## Your goal
Go through the listing and set it down exactly, leaving out its pictures.

## Dataset content
::::::::::
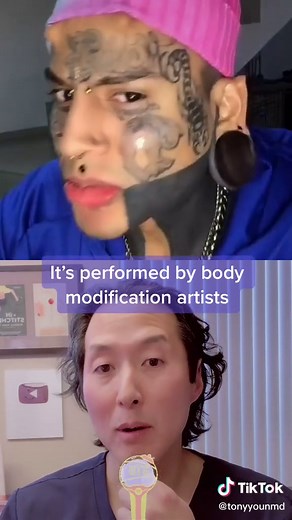 Exploring Extreme Body Modification Procedures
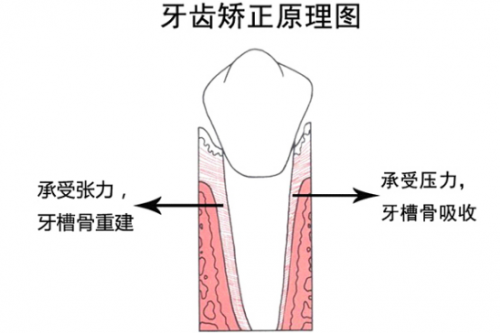 3D数字化模型矫牙“神器”，让你不惧年龄“矫”傲逆袭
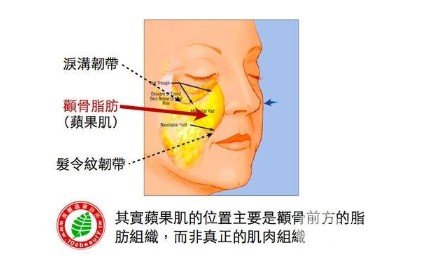 颧骨高怎么办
::::::::::
## Answer to this exercise
 Exploring Extreme Body Modification Procedures
 3D数字化模型矫牙“神器”，让你不惧年龄“矫”傲逆袭
 颧骨高怎么办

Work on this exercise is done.